The birth of the giant component

The waste product of my document scanning project is a slag heap of extracted staples:


The other day I made a discovery: If you grab one of the discarded staples and lift it, the whole ball of tangled, mangled metal comes along, leaving behind only a few stragglers in the bottom of the bowl.


When I noticed this, my first thought was “Hmm, that’s funny.” My second thought was “Oh, of course: Erdős-Rényi.” And my third thought–well, I’m still working on my third thought, as well as thoughts four, five and six.

Erdős and Rényi are Paul Erdős and Alfréd Rényi, who wrote a big paper on “The Evolution of Random Graphs” 50 years ago (Publications of the Mathematical Institute of the Hungarian Academy of Sciences, 1960, 5:17–61). Their paper wasn’t quite the debut appearance of random graphs in the mathematical literature, but it’s usually cited as the theory’s point of origin.

In one version of the Erdős-Rényi process, you start with a set of n isolated vertices and then add random edges one at a time; specifically, at each stage you choose two vertices at random from among all pairs that are not already connected, then you draw an edge between them. It turns out there’s a dramatic change in the nature of the graph when the number of edges reaches n/2. Below this threshold, the graph consists of many small, isolated components; above n/2, the fragments coalesce into one giant component that includes almost all the vertices. “The Birth of the Giant Component” was later described in greater detail in an even bigger paper–it filled an entire issue of Random Structures and Algorithms (1993, 4:233–358)–by Svante Janson, Donald E. Knuth, Tomasz Luczak and Boris Pittel.

What made me think of a connection between Erdős-Rényi graphs and my hairball of staples?
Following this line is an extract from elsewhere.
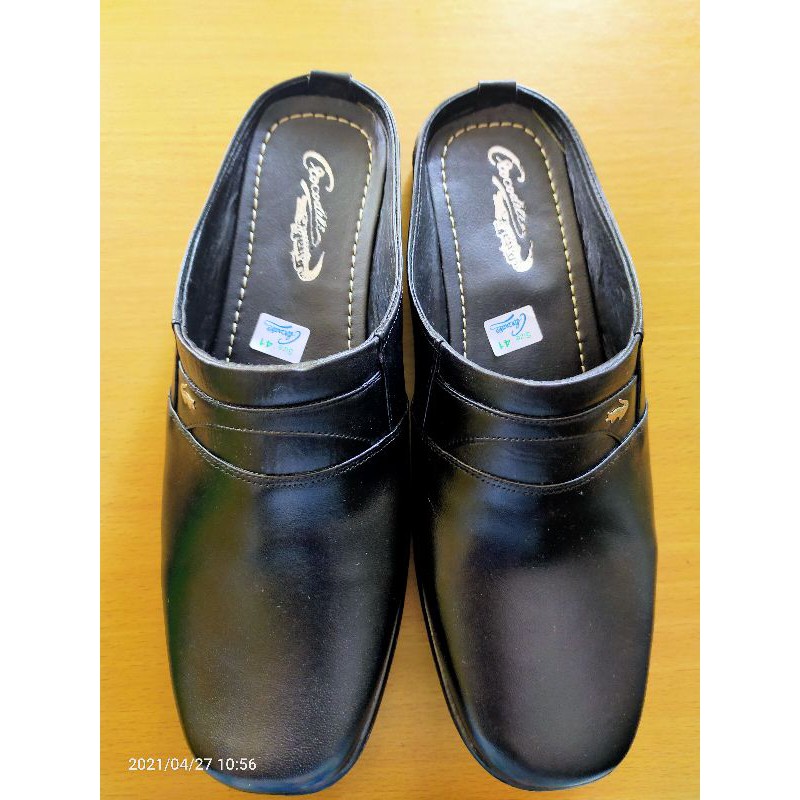 Sepatu Slop Kulit Pria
What I had in mind was something like this: The long, straight, middle part of a staple corresponds to an edge of a graph, and the bent end pieces, which can grab on to each other, are the vertices. Thus a single staple is a graph consisting of two vertices connected by one edge. When two staples hook up, two of their vertices merge and we’re left with a connected graph of three vertices and two edges. Since each staple contributes one edge and at most two vertices to the graph, the number of edges must be at least half the number of vertices. Thus the graph is always over the threshold for forming a giant component, according to Erdős and Rényi.

The counting part of this analysis seems okay, but I’m afraid the rest of it doesn’t hold up very well. Whatever is going on in the staple ball, the evolution of the system is not well modeled by the Erdős-Rényi process of adding edges to a fixed set of vertices. Instead, each staple brings both an edge and two vertices. The crucial event that makes the cluster hang together is the merging of vertices when staples link hands; this merging has no counterpart in the Erdős-Rényi process.

The underlying problem here is that Erdős-Rényi graphs are purely topological–there’s no concept of distance, and any two vertices are equally likely to have an edge joining them. But the staple graph has important geometric constraints. Two vertices can be joined by an edge only if the distance between them is approximately equal to the length of a staple.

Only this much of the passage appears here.